Time passed, however, and Jennette actually loved school in the end.
“I sat my Leaving Cert, and have continued in education since. I often called back to both primary and secondary schools to check in with the old familiar faces. I enjoyed every minute of it. We had a class reunion a few years ago in the Maldron of our Communion class. What a night! Our group photo is up on the wall there.”
Katie O’Brien has a similar story to tell of hated early schooldays.
“It wasn’t the baby school that gave me the problems, though, it was going from that small, friendly place to a huge convent school with terrifying nuns that did for me.
“The first morning, as I sat there, shaking, trying to listen to the teacher, the door crashed open and a huge, imposing nun strode in, veil flapping, rosary clinking. Immediately, the entire class rose to its feet as one and chanted some incomprehensible mantra in unison. I hadn’t a clue what was going on and shrank down even further into my seat (at an old wooden double desk, scratched and battered by years of use).
“It was quite some time before I learned that what they were shouting was ‘Dia’s Muire dhuit’s Padraig, a Mathair!’ How was I to know?”

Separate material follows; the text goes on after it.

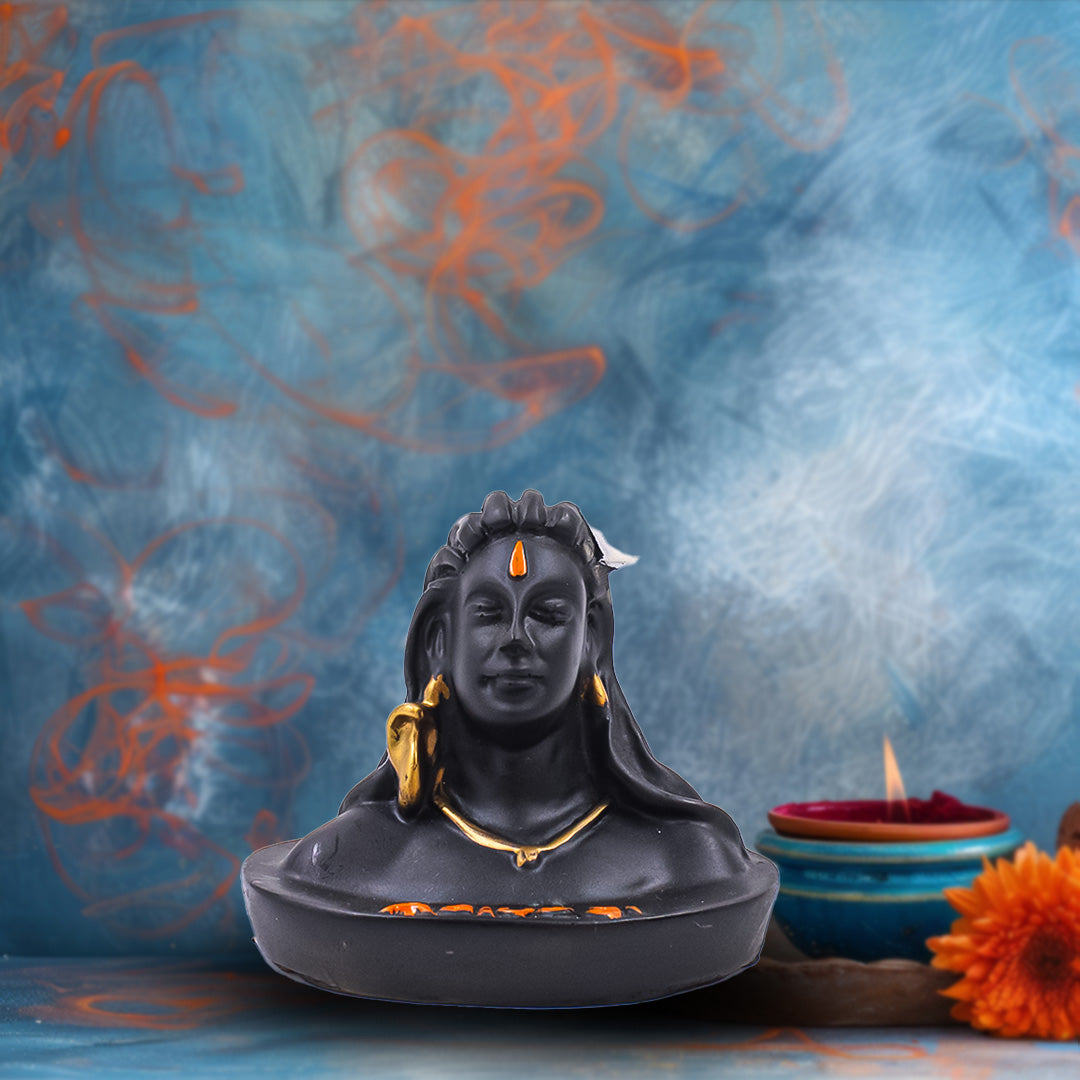 Mahakal Protection Set: Adiyogi Peace Statue & Oxidized Shiva Rudra Locket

Katie spent several months emulating Jennette in escaping from that classroom on every pretext from sore throat to headache, and getting home to safety and familiarity.
Her mother, she says, was driven distracted, worrying that her little girl would never learn anything.

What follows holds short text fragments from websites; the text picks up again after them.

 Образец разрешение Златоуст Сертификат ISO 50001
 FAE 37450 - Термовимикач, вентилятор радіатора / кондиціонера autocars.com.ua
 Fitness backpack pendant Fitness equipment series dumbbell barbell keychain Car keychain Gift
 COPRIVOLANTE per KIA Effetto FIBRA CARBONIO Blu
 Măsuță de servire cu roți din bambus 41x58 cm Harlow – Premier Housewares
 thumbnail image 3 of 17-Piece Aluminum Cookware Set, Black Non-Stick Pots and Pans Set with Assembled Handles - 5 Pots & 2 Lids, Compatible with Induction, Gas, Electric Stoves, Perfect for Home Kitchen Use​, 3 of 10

“But eventually, I learned to get on with the others, and got clued in on the ways and forms of behaviour (although the first time I saw a gigantic skipping rope in the yard, and 20 girls at a time jumping in and out to a complicated system, and me being pushed relentlessly forward in the line, I nearly ran home again).
“And it didn’t hurt my education in the end,” adds Katie, “although I had to be past school and in postgraduate study before I really discovered the joys of learning. School wasn’t about enjoying yourself back then, though, was it?”